71話 ダンジョンアンチ
チャレンジメニューは成功しても失敗しても、二度頼むことは出来ないらしい。
成功する人なら一生ここでタダ飯を食べることが出来るようになってしまうから、当たり前の話なのだろうがかなり残念だ。
心地いい満腹感に襲われながら部屋に戻る。
ギルドの外に出ると、ここの食事処と同じように、チャレンジメニューを出しているところがあるらしいから、そこを探すのもいいだろう。
だけどしばらくはギルドの食事で済ますつもりだ。
探索者の資格証を使って支払いをすれば、かなり安い値段で食べれるらしいし、料理も美味かった。
食事の帰りに、ギルドに併設されているコンビニで購入した飲み物を、冷蔵庫の中に入れ直す。

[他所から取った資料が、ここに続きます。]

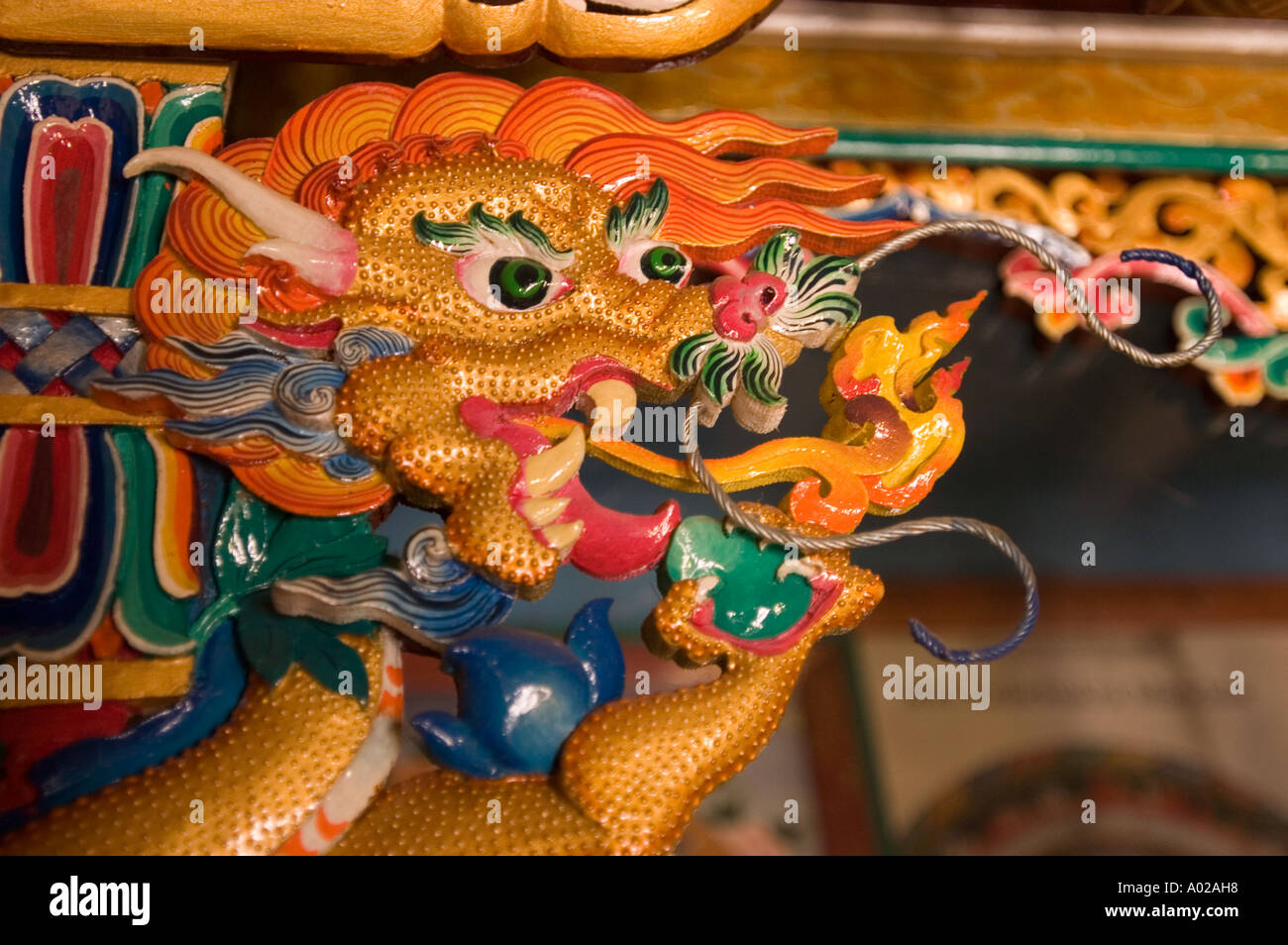 Wooden dragon closeup in traditional Ladhaki style home buddhist Stock Photo - Alamy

やっかみこそあれど、命を狙われることのない生活は、エアリアルにいた頃よりも気楽に生きていける。
まあ、それもギルドにこもっているから安全なのかもしれないが……。
翌日、部屋に置いてある四角い置物から小気味いい音楽が流れる。
これは鏡花からの説明にあった。
「受付からの呼び出し音か……」
鏡花から渡された部屋着のまま受付へと向かう。
黒のシャツと、デニムのズボン。
サイズがぴったりなのは少し驚いたが、鏡花の目利きによって用意されたものらしい。
受付は比較的混んでいたが、俺を見つけるとあちらから声をかけてきて個室に案内された。
「こちら魔石の代金の見積もりになります。ゴブリンキングと思われる魔石は350万円。ドッペルゲンガーの魔石は380万円です。このお値段でよろしかったでしょうか? 良ければここにある空欄にサインをお願いします」
両方とも300万を超えているな。
理紗や鏡花からもそれくらいが相場だろうと聞いている。
受付の女の言葉に頷き、空欄にれおと書き残す。
やっとまとまったお金が手に入ったと、ほくほく顔で部屋を出ると、入り口の方で何やら騒ぎになっている。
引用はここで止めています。